Well I'm sad to say that day is upon us. The road extension project called NAR3 and more importantly Phase 2 (the bit that goes through Severalls) starts *Monday 19th August*.

After my "aerial" visit I noticed that the road was quite clearly marked with wooden pegs through the fields I was in. That got me looking into it a little deeper, contacting the Council etc. 

Here you can see where Phase 2 the road marked in red is going:






The Council staff said in email to me: "Many more of the listed Victorian buildings are meant to be saved and restored during the Phase 2 development once the land is sold (will know which developer it is within weeks) but sadly many of these will now be so badly damaged they will be pulled down. However, some are still down to be saved."

*LESS REPORTS*
My fear is that due to all the works taking place around the site that the recent reports we've seen through July and the beginning of August will be the last. And there will be very few opportunities in the future. 

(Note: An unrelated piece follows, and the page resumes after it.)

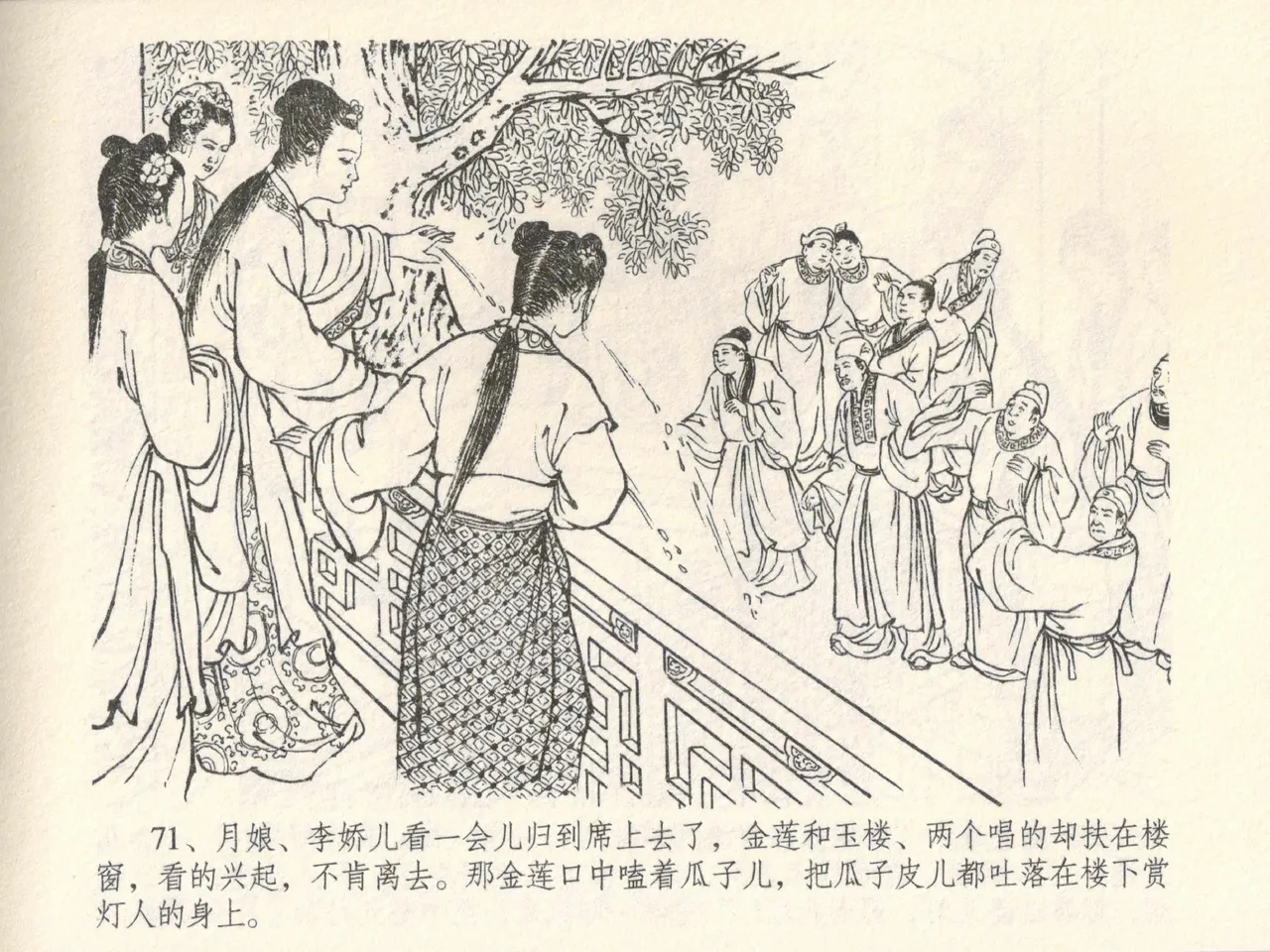 金瓶梅全传 六 暗算花子虚 page 75 jin ping mei parody - read online free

I'll keep an eye on the developments and keep this thread updated with information on what exactly is going on.

*CONSPIRACY / BACKHANDERS*
On researching what areas of the site are listed I found that the entire grounds where. 

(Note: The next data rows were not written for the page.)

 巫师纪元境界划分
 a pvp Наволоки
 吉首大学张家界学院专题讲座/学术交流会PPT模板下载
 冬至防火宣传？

Heritage report showing entire grounds are listed: http://list.english-heritage.org.uk/resultsingle.aspx?uid=1001599

Map from above link:





If you look at the maps in this post it looks like the road is going through what should be a protected area!?
My only thought on this is that someone is getting a backhander to make sure Severalls gets into the sort of state where it is beyond repair and the only option is to rip it down...


----------



## krela (Aug 15, 2013)

Yay, less Severalls reports! 

Without wishing to be a party pooper all of this has been known for at least a couple of years, including the listed status stuff, I doubt many buildings will be kept, but good to know work is happening now.


----------



## g197- (Aug 15, 2013)

My main concern is how can a road be planned and allowed through an apparent listed site. 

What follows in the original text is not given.